With the actual summits happening on a Saturday, worst case scenario you will likely see at least a 1 or 2 other groups out and about to help with breaking trail, navigation, etc (but that is by no means a guarantee of even a single successful summit). But your Friday hike into camp comes with a higher chance that you'll be breaking trail- and those 5 miles have some decently sustained uphill. If you're unlucky enough to go on a Friday after a mid-week dump of snow, it may very well be no easy task just getting to camp (especially since you're solo). If the trail into Bradley Pond isn't broken out, you may very well be better off camping near that lower crossing of Santanoni Brook (just after you turn off of the road).
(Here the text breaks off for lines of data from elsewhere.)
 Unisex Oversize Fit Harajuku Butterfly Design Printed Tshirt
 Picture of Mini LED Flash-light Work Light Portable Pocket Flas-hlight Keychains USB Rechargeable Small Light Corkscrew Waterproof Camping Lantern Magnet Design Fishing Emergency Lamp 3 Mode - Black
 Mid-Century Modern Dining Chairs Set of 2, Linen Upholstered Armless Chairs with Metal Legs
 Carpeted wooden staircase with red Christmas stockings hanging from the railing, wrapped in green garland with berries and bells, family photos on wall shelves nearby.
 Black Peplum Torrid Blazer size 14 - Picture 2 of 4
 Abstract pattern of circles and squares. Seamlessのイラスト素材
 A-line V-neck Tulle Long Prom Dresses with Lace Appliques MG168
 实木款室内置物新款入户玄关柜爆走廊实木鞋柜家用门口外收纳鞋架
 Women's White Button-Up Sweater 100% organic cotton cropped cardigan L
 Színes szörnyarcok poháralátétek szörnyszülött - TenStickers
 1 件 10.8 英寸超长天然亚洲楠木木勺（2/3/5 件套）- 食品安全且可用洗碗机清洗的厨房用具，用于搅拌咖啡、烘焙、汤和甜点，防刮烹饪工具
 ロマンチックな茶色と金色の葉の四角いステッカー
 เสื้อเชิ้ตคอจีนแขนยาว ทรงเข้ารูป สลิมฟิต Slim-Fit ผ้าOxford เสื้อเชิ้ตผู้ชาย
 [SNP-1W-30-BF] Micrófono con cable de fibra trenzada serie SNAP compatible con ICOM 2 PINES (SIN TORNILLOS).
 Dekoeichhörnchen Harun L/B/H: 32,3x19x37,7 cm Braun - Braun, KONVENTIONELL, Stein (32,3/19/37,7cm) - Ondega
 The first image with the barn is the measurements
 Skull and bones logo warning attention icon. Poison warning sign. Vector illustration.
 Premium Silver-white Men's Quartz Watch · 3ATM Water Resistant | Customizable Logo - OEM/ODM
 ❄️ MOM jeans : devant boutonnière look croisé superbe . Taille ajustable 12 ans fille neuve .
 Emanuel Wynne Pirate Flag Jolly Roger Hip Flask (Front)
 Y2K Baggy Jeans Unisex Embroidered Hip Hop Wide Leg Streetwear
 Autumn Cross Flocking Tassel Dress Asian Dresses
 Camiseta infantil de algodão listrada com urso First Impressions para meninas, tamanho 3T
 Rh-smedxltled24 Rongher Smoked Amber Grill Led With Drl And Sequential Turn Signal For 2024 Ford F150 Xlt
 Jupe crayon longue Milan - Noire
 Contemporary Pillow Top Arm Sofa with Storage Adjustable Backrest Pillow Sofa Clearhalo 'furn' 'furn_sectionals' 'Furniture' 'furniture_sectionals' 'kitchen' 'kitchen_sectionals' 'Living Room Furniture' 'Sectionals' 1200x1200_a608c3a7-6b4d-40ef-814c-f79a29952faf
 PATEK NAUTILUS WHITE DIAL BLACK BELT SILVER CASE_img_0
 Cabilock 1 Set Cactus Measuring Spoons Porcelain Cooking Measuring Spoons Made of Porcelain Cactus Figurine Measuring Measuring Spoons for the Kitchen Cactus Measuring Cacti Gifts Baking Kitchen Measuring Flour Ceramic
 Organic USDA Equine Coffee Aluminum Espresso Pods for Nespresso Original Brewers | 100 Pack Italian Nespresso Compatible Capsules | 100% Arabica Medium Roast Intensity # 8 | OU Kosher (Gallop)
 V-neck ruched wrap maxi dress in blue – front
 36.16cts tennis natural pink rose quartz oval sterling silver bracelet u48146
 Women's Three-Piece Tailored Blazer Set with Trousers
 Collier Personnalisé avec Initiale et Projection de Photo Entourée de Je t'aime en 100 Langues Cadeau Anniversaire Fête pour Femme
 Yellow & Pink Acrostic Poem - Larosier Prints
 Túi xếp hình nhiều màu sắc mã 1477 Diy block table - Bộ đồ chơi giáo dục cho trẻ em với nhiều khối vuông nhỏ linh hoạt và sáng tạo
Again, the forest there is much more open and there's more flat ground than anywhere else you'll find prior to getting to the Bradley Pond Lean-to.

The Express herd path does get less use but in recent years (as more and more have become aware of it) it hasn't gotten that much less use. Although things may be different in winter- the prospect of having to break trail (even downhill) may be souring enough that some would choose to return via the Times Square herd path if that is the way they ascended. (The group I was with when I did these peaks in winter made the decision to do this.)

Also, FWIW- I've always preferred going up the Santanoni Express. It's steeper than the other herd path to Times Square. This is admittedly more of a personal preference thing, but it seemed worth mentioning. Also- the Express herd path does not go up/down the cliff face it passes about 2/3rds of the way up even though it appears to. Rather, the path continues around the north side of the cliff (if you are descending you may need to backtrack about 50-100 feet from the top of the cliff to find the route around it).

Overall... even with some prior winter camping experience in the ADKs, I don't think these summits in particular are well suited for a first winter ascent in the High Peaks- especially if you're choosing to mix said ascent with a winter overnight. There's nothing wrong with having the desire to summit these peaks, but IMO if you were serious about doing it right, you'd take an intermediate step or two to get there. Some combination of winter camping trips elsewhere in the High Peaks, winter ascents of easier (and more frequently visited) High Peaks, and/or a summer visit to the Santanoni Range to gain familiarity with this area specifically would all suit you well.